There’s a reason why the pecan tree is the official state tree. (Mob connections, maybe?) They’re also located, conveniently enough, all over*- including a gigantic pair right behind my apartment.

Gettin' toasty...

As it happens, I like pecans. Last fall, I thought, “My god, I am so smart. Pecan trees yield pecans. I’ll forage for pecans by picking them up off of my patio!  Goodbye outrageous pecan costs, hello savings!”

Alone, they're just a bunch of stupid ingredients, but together...

Late in October when the husks started splitting open and pecans started dropping to the ground, I gathered a ton of them. “A bumper crop,” I thought, “and it shall last me nigh into the summer.” I was living off the land.** (At least as far as pecans were concerned.) Boosh.


Everybody just cool out.

The problem was – compared to normal pecans – these were small, malnourished-looking pecans.*** They were grubby little street urchin pecans. If you succeeded in cracking one open without smashing half or all of it to bits, they tasted fine, but a sorry, sad nut overall.


Lesson learned: Foraging is dumb.
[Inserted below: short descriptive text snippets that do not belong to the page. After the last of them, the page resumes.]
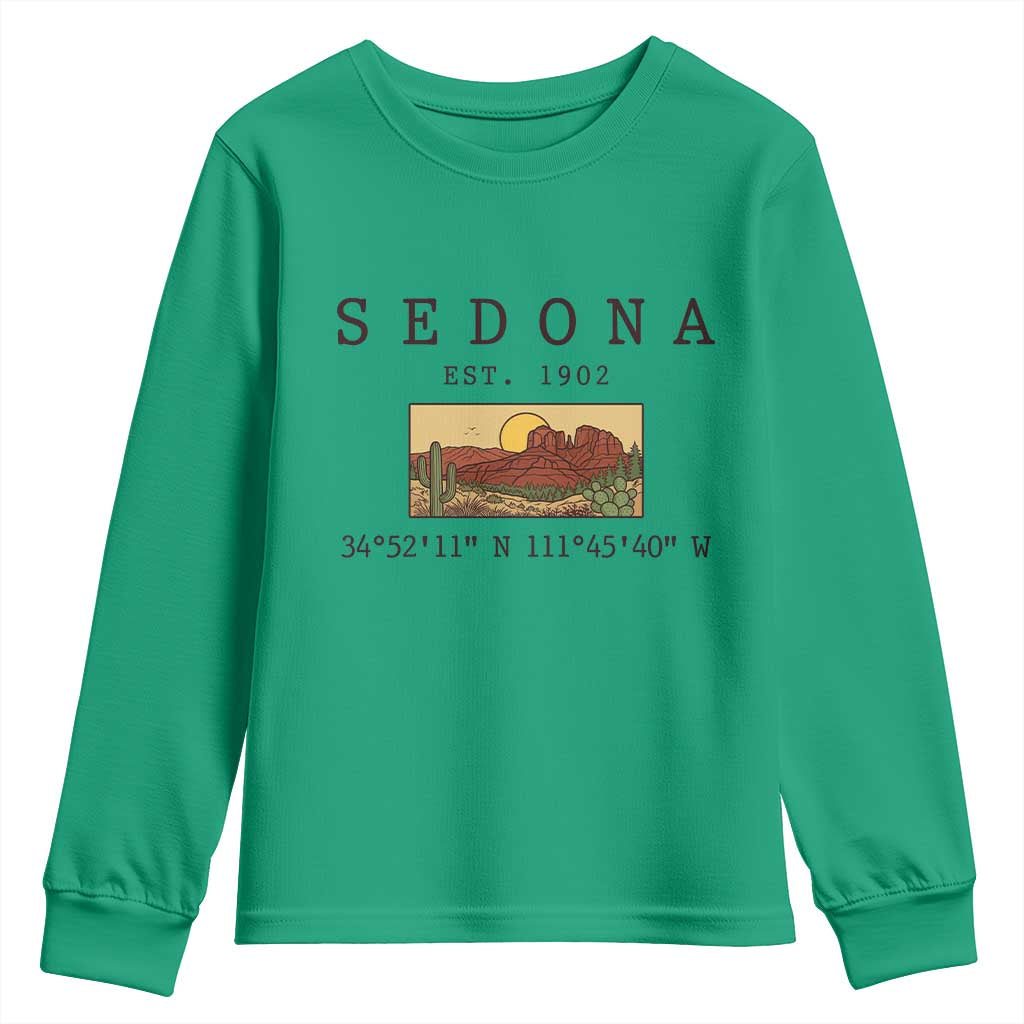 Vintage Sedona Arizona Established 1902 Youth Sweatshirt Southwest Desert Cactus Scenic Nature Souvenir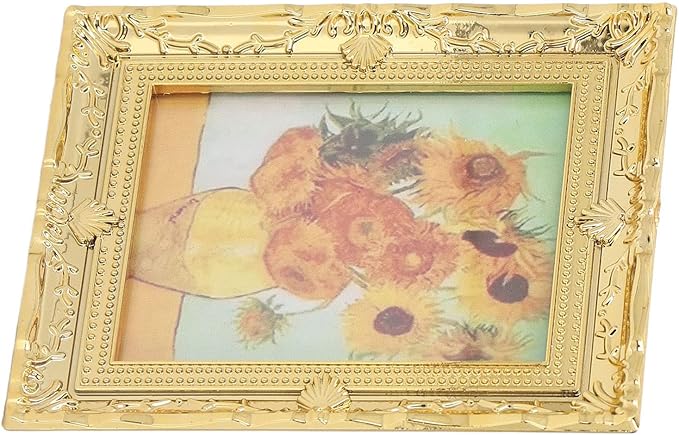 CHICIRIS Miniatures Art Painting, Gold Frame Miniatures Oil Painting Beautiful for Kids for Dollhouse Decoration (Sunflower Shape)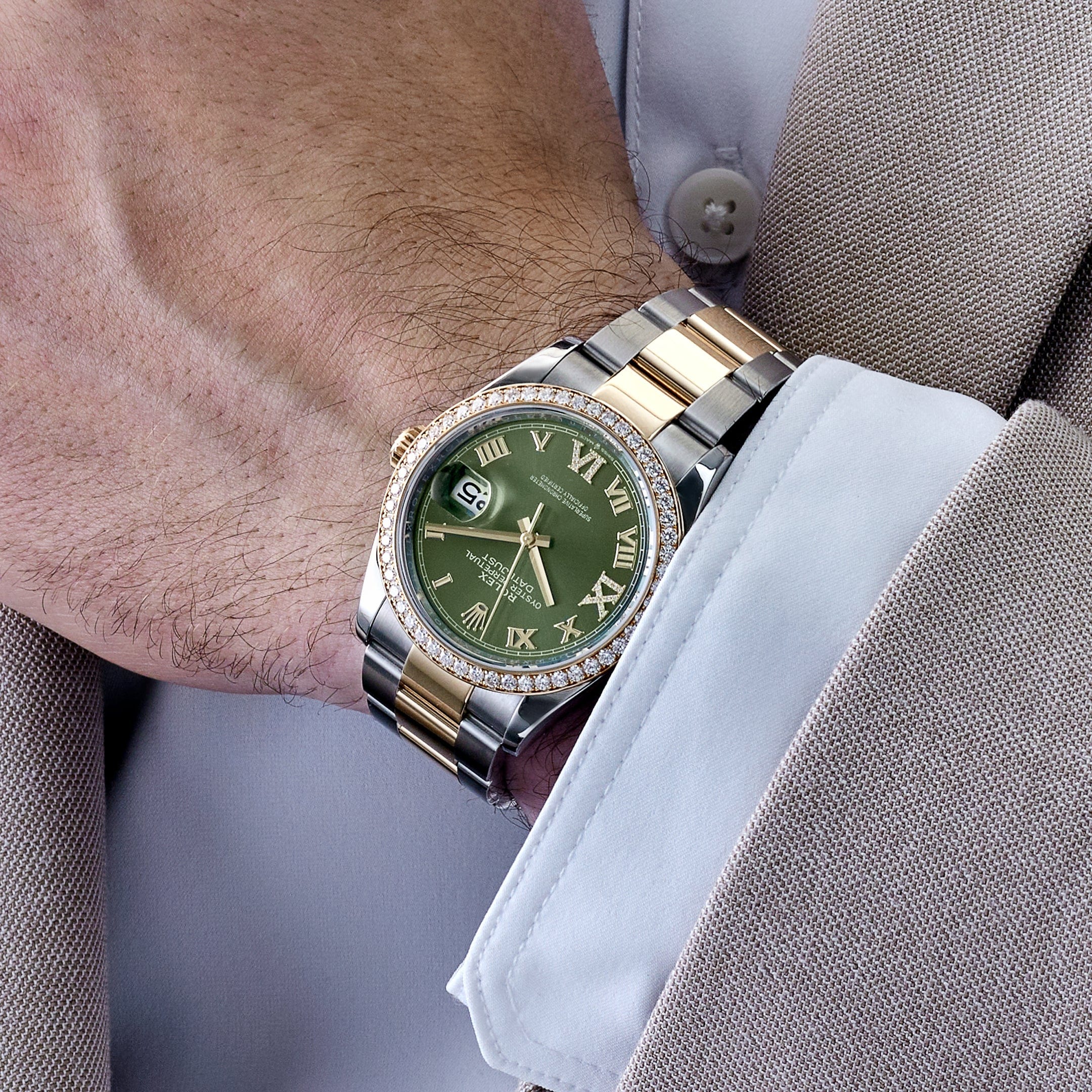 Rolex Datejust 36 126283RBR Stainless Steel Yellow Gold Olive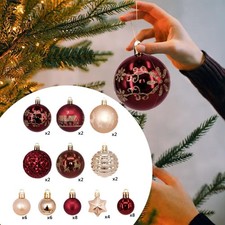 44x Christmas Balls Xmas Tree Decor Colored Shatterproof Charm Pendants Party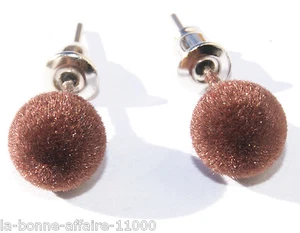 BOUCLES D'OREILLES FANTAISIE PENDANTE boule pompom marron tendance mode soirée - Picture 1 of 1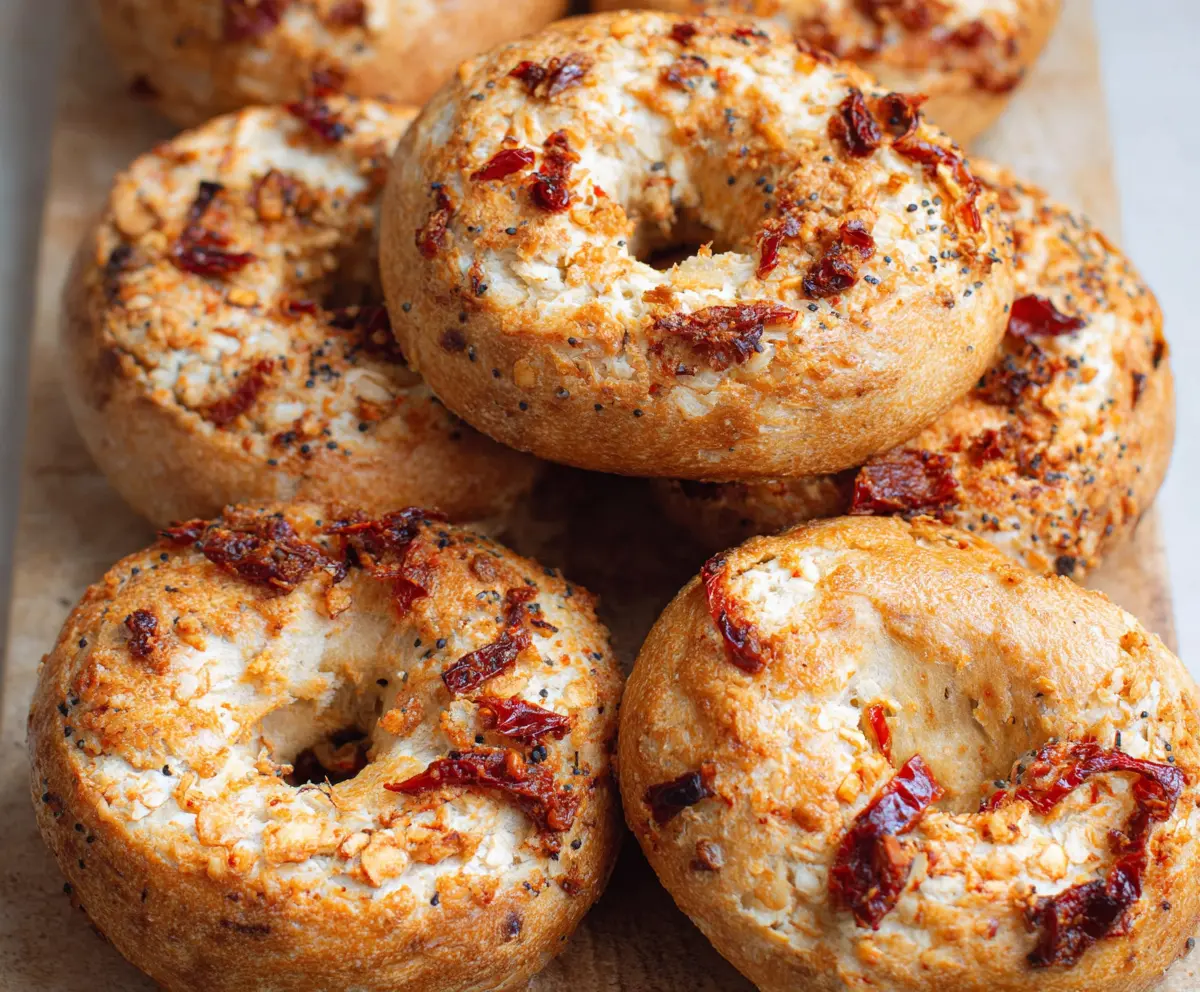 Golden sun-dried tomato sourdough bagels with a crispy crust on a rustic wooden board.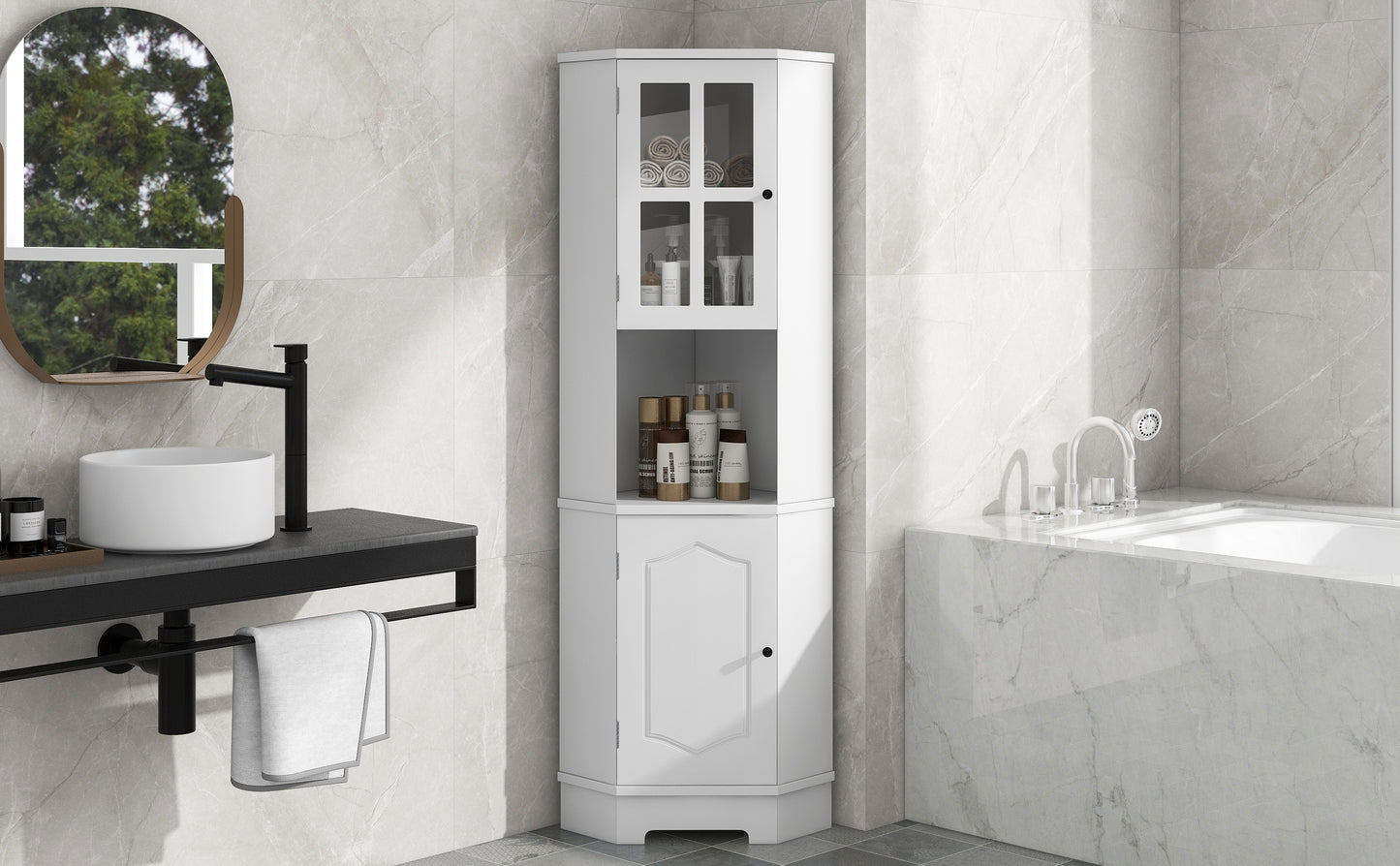 Tall Bathroom Storage Cabinet, Corner Cabinet with Glass Door, Open Storage, Adjustable Shelf, White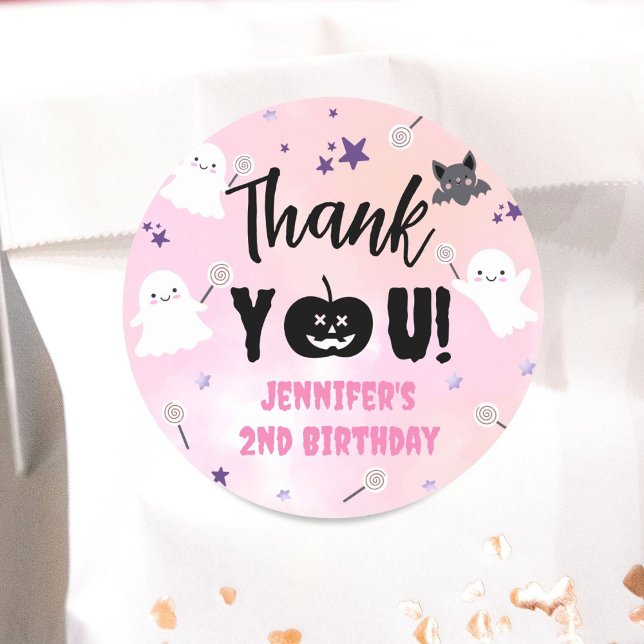 Adesivo Festa de aniversário de Halloween, Menina Rosa, Bo (Criador carregado)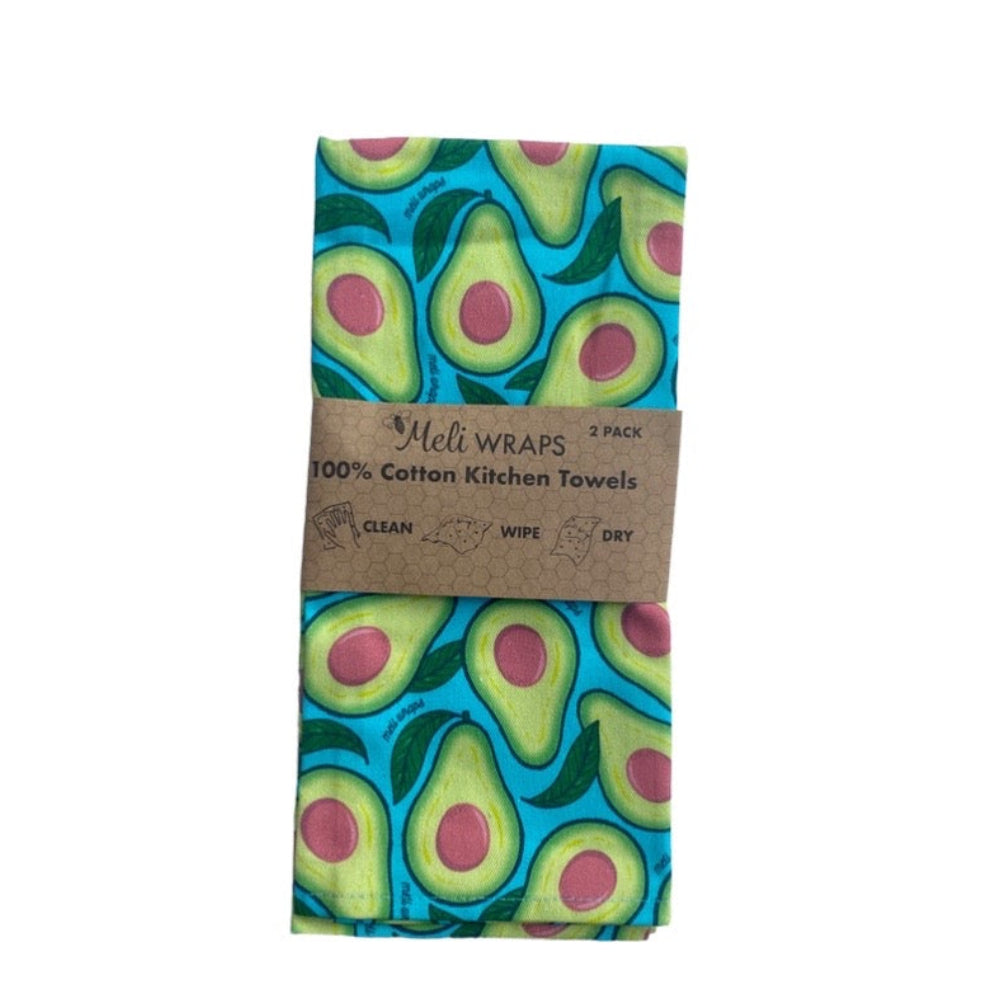 Eco-friendly avocado print kitchen bundle with beeswax wraps and reusable dishcloths by Meli Wraps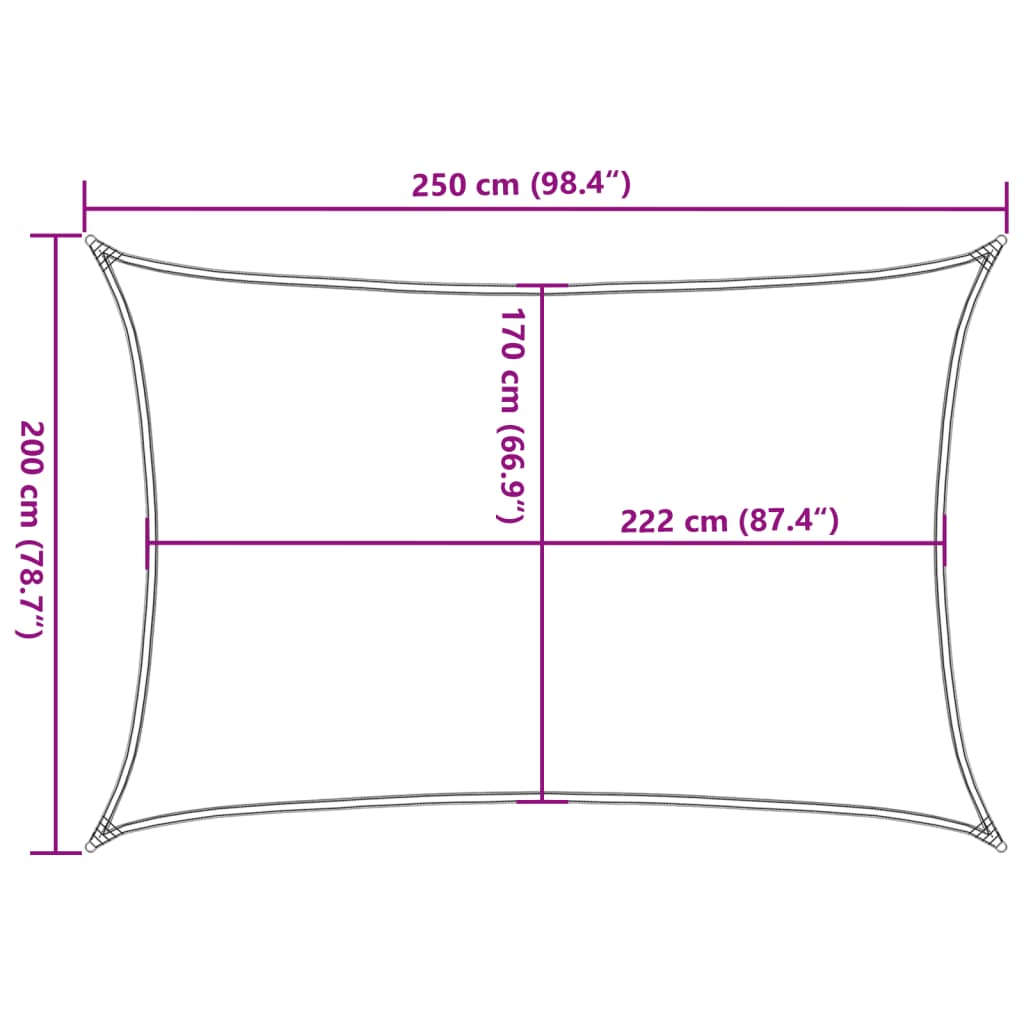 vidaXL Toldo de vela poliéster oxford 100% arena 2,5x2 m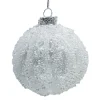ORN GLASS BALL 3″ WHITE FROST MELON W/ ICE GLITTER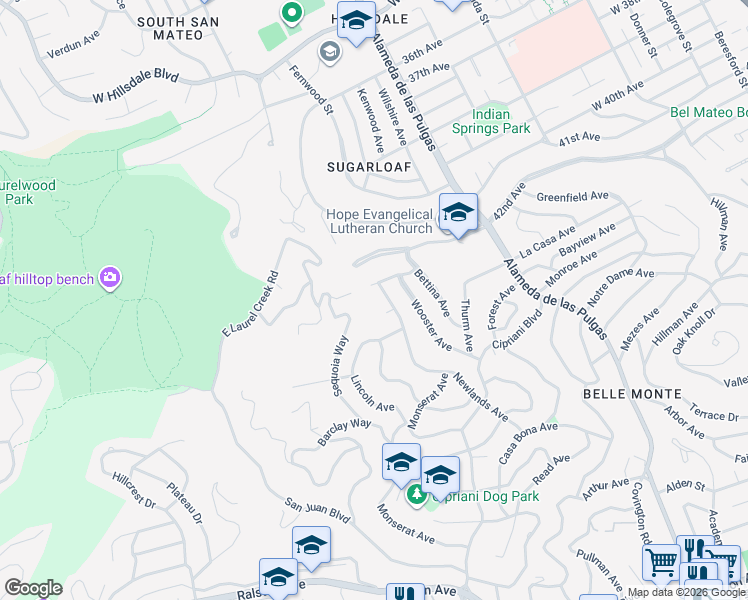 map of restaurants, bars, coffee shops, grocery stores, and more near 653 Newlands Avenue in San Mateo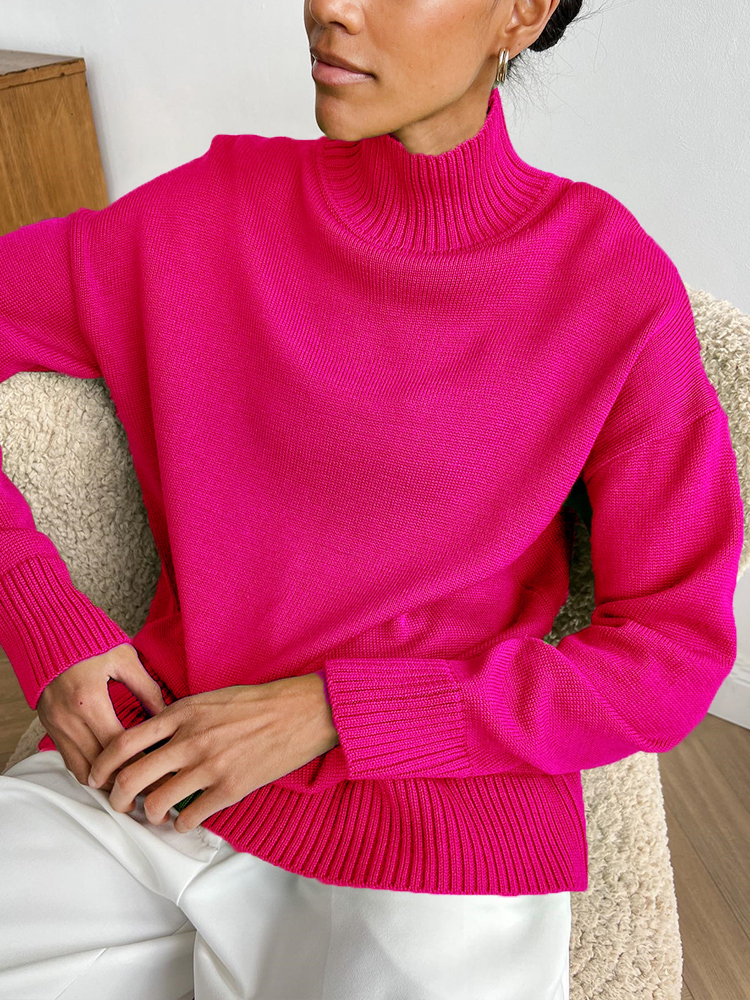 Basic Winter Women’s Oversize Sweaters Turtleneck Pullover Tops Rose Red Knitted Sweater Korean Thick Warm Soft Baggy Jumper New alx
I bought the pecans for this recipe at the grocery store like a smart person. Easy recipe, versatile result. Blah, blah, blah… enjoy.

Candied Pecans


2 cups pecan halves
scant 1/2 cup brown sugar
1/4 cup water
pat of butter
tsp cinnamon
1/2 tsp chili powder
1/2 tsp cayenne powder
coarse salt


1. Toast the pecan pieces over medium low heat until dark and fragrant, 4-5 minutes. Stir them around every 30 seconds or so. Nuts are delicate and they scorch easily, so you want to keep them moving. Let them cool to room temperature and place in a bowl.

2. Over medium high heat, stir together brown sugar, water, cinnamon, chili powder, cayenne and butter. Stir constantly for 4-5 minutes, until the wake left by stirring leaves wispy threads (just keep stirring, it’s exactly what it sounds like).

3. Pour mixture over toasted pecans. Gently stir until pecans are well coated. Pour out onto a cookie sheet lined with parchment or wax paper (finally, a use for wax paper!) to cool, separating any pieces that are stuck together. Sprinkle with coarse salt.

4. Your journey may end at step three. Mine did not. After cooling down for over an hour, my pecans were still quite sticky. Five minutes in a 300 degree oven and another few minutes of cooling down fixed that.

Spinach salad with candied pecans

* Or at least they are in the older parts of DFW- a lot of the ‘burbs are a flora-free-for-all.

** And maybe more importantly, I was sticking it to slacker, freeloader squirrels.

*** Which is so strange to me, because I know if there’s one thing I think of when I think of East Dallas, it’s the nutrient rich soil.


  • ELH

    Remember how it didn’t rain at all last summer and how it was an unholy degree of hot? Guess what, that keeps plants from growing particularly well leading to things like sad pecans. They are probably better this year and not as stale as the ones you bought at the store.

  • Christine Rogers

    I loved this story and photos/captions and can’t wait to try this recipe. We have a ton of pecan trees near us and have successfully foraged in years past. Last fall was different, we also suspect due to the drought. We have higher hopes this year, especially because now the kids are old enough to be our family foragers! Thanks for this post.

  • travis awalt

    @ELH I demand to know how much the foraged pecans are paying you to make excuses on their behalf!! Sadly, this year’s crop isn’t looking much better.

  • Noonie McWhorter

    But don’t pecan trees only fruit every other year?